I know the Go feature set is very well thought out and I'm sure there's a good reason for it, but I'm curious why I can't do fmt.Println(x.(type))

(As pointed out in the replies, you can get the same information with fmt's %T formatting verb.)

Although there are a number of things going on here, one of them is that Go has opted not to make types visible as explicit entities in the language. In a language like Python, the type of things is explicitly exposed as a fully visible part of the language, through operations like type(). In Go, there's no such direct way of exposing the type of something and you can only compare it against other types through mechanisms like type switches.

(Python goes further and makes types pretty much as first class entities as functions are.)

Part of what this means is that in Go, you cannot write an expression like 'x := y.(type)' not just because the language syntax forbids it, but because there is no standard type that the variable x can be. If you wanted to allow this, you would have to create a new Go type and define what its behavior was.

Go does make type information accessible, but only through the reflect standard library package. There are two things about this.
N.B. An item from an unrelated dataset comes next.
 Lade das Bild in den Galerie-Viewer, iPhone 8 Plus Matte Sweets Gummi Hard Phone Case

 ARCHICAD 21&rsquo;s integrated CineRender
First, reflect isn't part of the language itself, so another implementation of Go would be theoretically free to leave it out (although a certain amount of code would have problems); TinyGo doesn't quite go that far, although it has a minimal version. Second, it's relatively clear that what you get from reflect and manipulate through it is not literally the type information from the language; instead, it is a reflect-created thing that may or may not actively reflect the underlying reality. The only nominal exceptions are reflect.SliceHeader and reflect.StringHeader, and reflect explicitly says that you can't use these safely.
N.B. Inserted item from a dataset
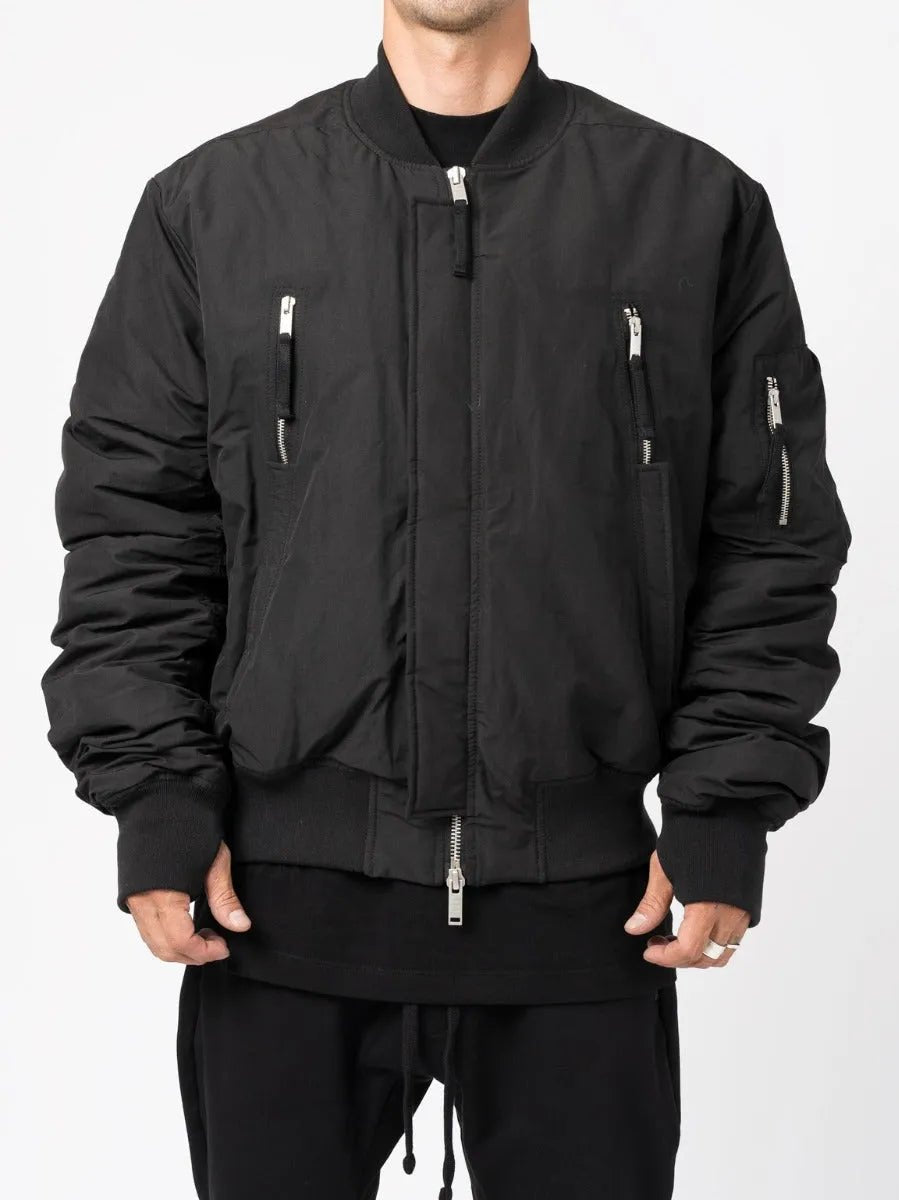 JACKET - by THOM KROM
(My personal guess is that part of why reflect provides them is so that if the string or slice header ever changes, code can break visibly because the reflect structure fields it's trying to use aren't there any more. This wouldn't happen if Go forced everyone to define their own private versions of these runtime structures; instead you'd just get silently corrupted results. And people do do things with these headers today.)

In general, not explicitly requiring Go the language to have types as explicit, visible entities preserves some implementation freedom. However, I believe that Go still does require that an implementation keeps around some more type information than you'd expect; for example, I don't believe it would be proper in general for a Go implementation to reduce everything from distinct named types to structural types after compiling the program. This is because if you have the following code, I believe the type cast is required to fail:

type fred int
var a fred

[...]
b := interface{}(a)
i, ok := b.(int)

(You can construct a more elaborate example with a type switch with both fred and int as options.)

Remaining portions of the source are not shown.